Other companies like Acquired Payments and BlueSnap adopt a different approach, one which centres around maximising the flexibility and quality of their service offering. Acquired’s Rob Clark says, “the more agile and tech-savvy acquiring firms are adopting the strategy of focusing on specific sectors, creating bespoke products and focusing on service and adding value.” While acknowledging the pressures on the acquiring and processing sector, Clark maintains that, “the opportunities are greater than ever before – and the merchant is at the centre of the picture. Those acquirers able to get flexible technologies embedded rapidly with merchants, and deliver valuable data that improves their customer’s bottom line, will win the day.”

Merchants Mission Critical

Merchants are clearly the industry’s focus in this turbulent period. As processing becomes more of a commodity, the companies that can deliver seamless integrations, outstanding execution and rich data sets for every transaction hold an edge over their rivals. Indeed, the last six months have seen a number of innovative developments for merchants right along the value chain, from US banks teaming up with card companies and geo-location services to offer merchants deeper customer data, right through to innovations on the POS terminal itself. 

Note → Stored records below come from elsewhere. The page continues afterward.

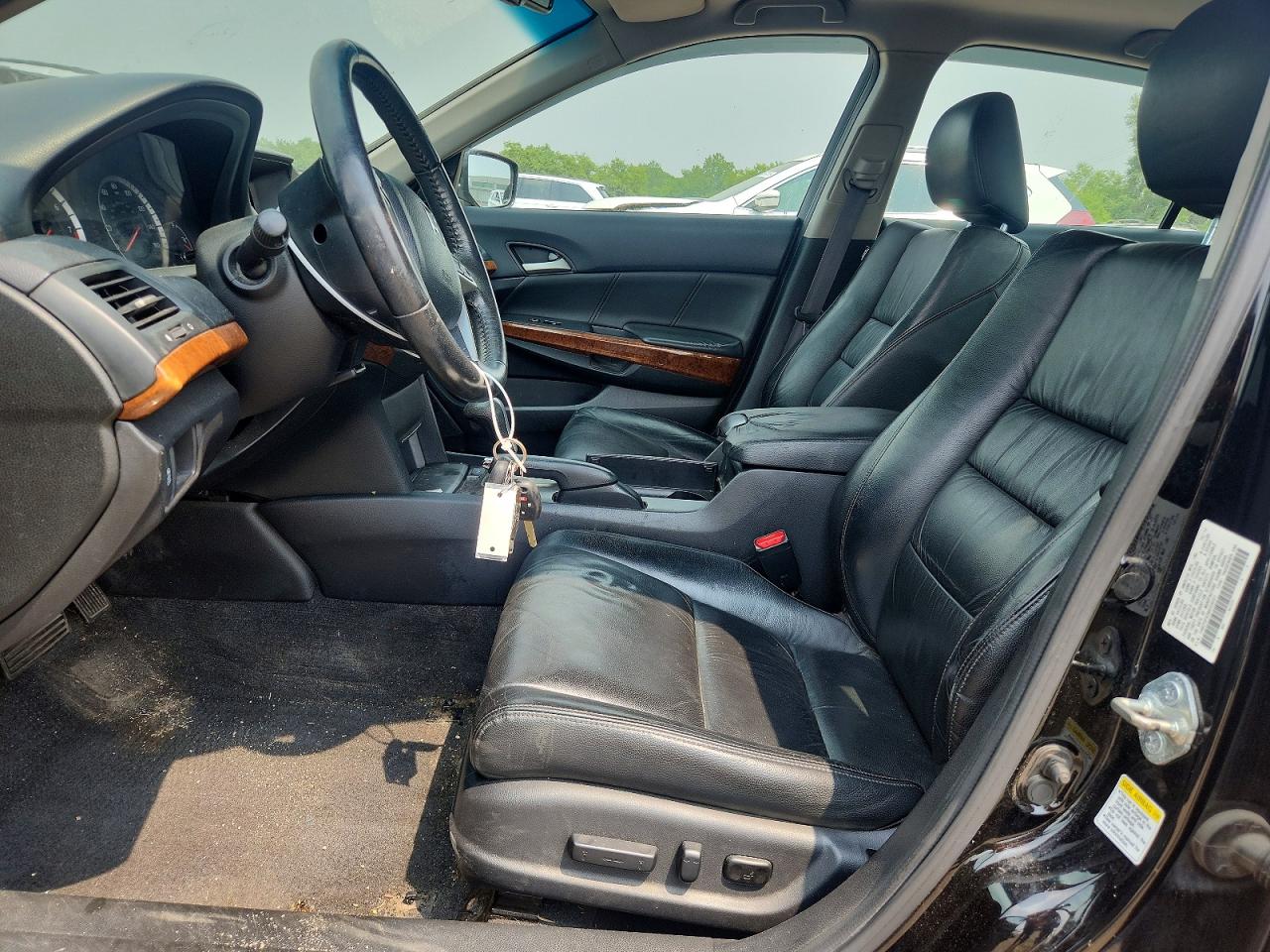 2011 Honda Accord Exl Black vin: 1HGCP2F83BA038001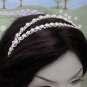 Dancer Opera Tiara;Delicate Headpiece;Wedding Silver Tiara;Bridal imperial#1171s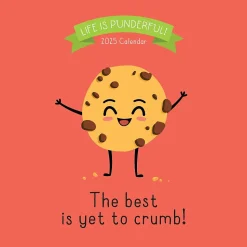 2025 TF Publishing Puns of Fun 12" x 12" Monthly Wall Calendar (25-1117)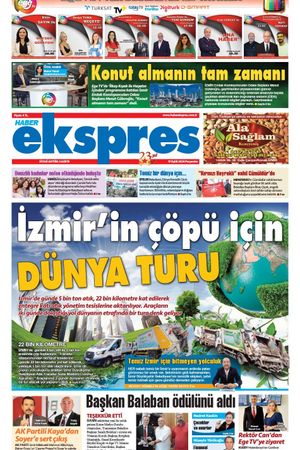 Haber Ekspres Gazetesi - Son dakika haberler-İzmir haberleri - 19.09.2024 Manşeti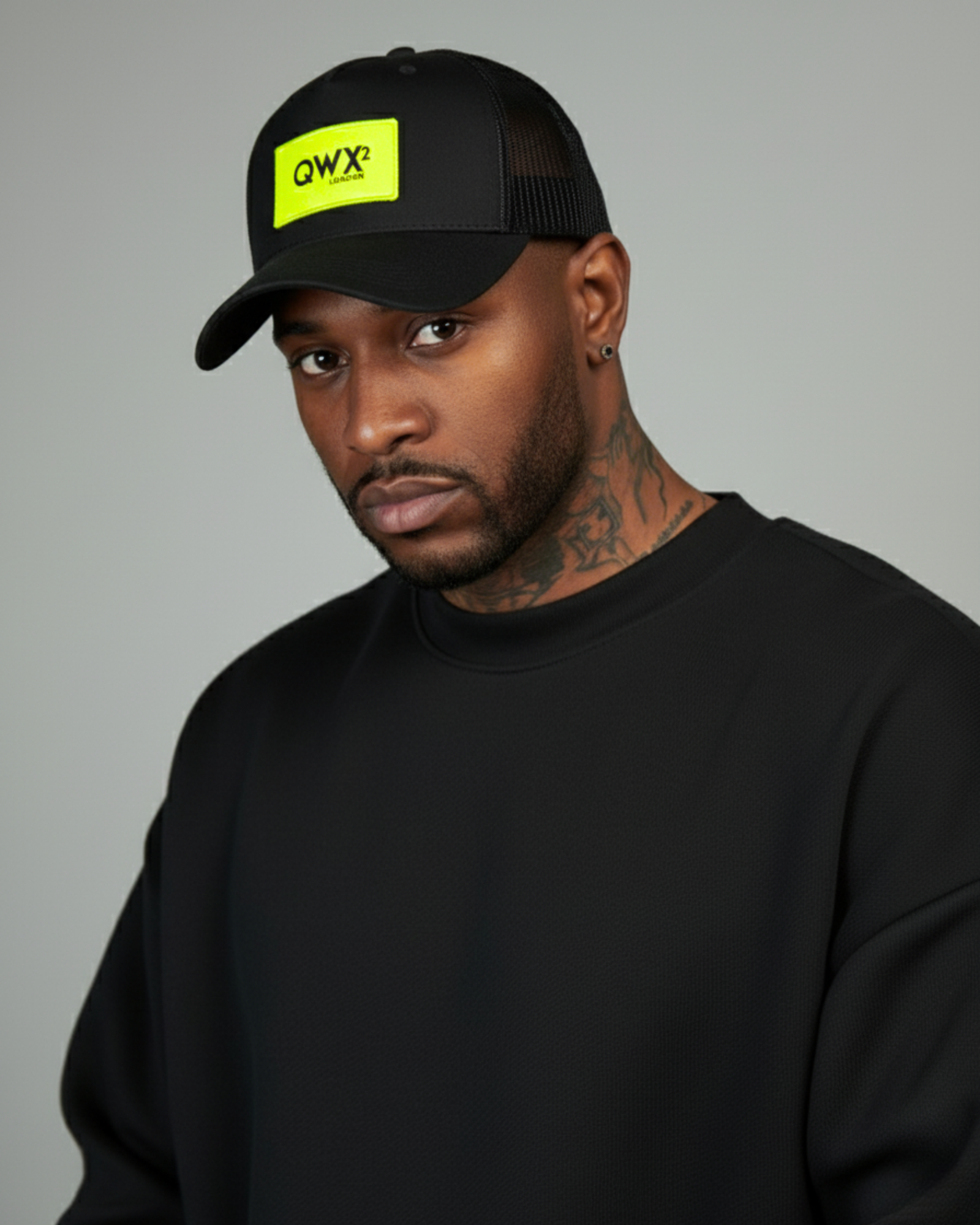 Gorra ELEVATE – Etiqueta amarilla neón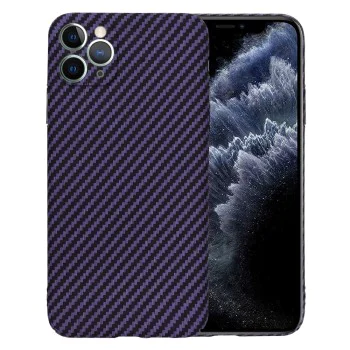 Калъф за iPhone 11 Pro Max - Carbonite FiberShell - Лилав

German company AEVI recently launched a new product called AppFlow which promises to make the introduction of new features on smart POS devices faster and easier for developers. By making the different features on a POS device independently interoperable with each other, AppFlow removes the requirement to reconfigure POS devices every time a new feature is introduced, and makes it possible for merchants to combine loyalty programmes and communication with the acquirer in any order they choose on the device.

This relieves merchants of the fear that any change to the core POS solution could “break” other SmartPOS apps, and ensures developers don’t have to continually rework their integrations. It also allows merchants to switch between App providers more easily. 

Nicky Koopman, Vice President Content & Value Added Services at AEVI, says that merchants are also facing a rapidly-changing landscape: “The point of sale is rapidly transforming into a point of interaction where payment becomes an integrated feature of the consumer’s journey in the new world of smart apps and devices.”

Constant Change a Certainty

How far the industry will continue to use POS terminals as we know them today remains the great unknown, however, with data from Eurostat revealing that 54 percent of Swedes prefer to pay on-line, even when goods and services are being browsed or purchased in physical environments, with markets such as the UK and Germany not far behind.

Furthermore, with tech giants such Facebook, Apple, Google and Microsoft known to be extending the reach of their payment services into new environments such as remittances, P2P and messaging services, one wonders how long it will be before they formally enter the payment gateway/processing platform space. 

Solid evidence of this development came last September, when IBM launched its cross-border payments platform based on blockchain. Claiming faster processing speeds, lower costs for all involved, the elimination of inefficient multi-party processing and better data granularity, IBM says its new system could replace the payments environment we’ve known for the last fifty years – though significant challenges remain with blockchain implementations (see “Out of the Blocks?” feature, page 12).

The picture emerging for today’s acquiring and processing firms is one of seismic change and serious competition – not just from peers, but from tech giants with deep pockets and powerful capacities for innovation. In the medium term, it looks like the future belongs to specialist firms able to provide a level of client service and bespoke data packages which tech giants cannot match.

Looking out five to ten years, the picture is less certain, however trend data supports a continued emphasis on digital transactions, and on some kind of role for blockchain. It’s also likely that a disruptive technology could completely change acquiring and processing as we know them today.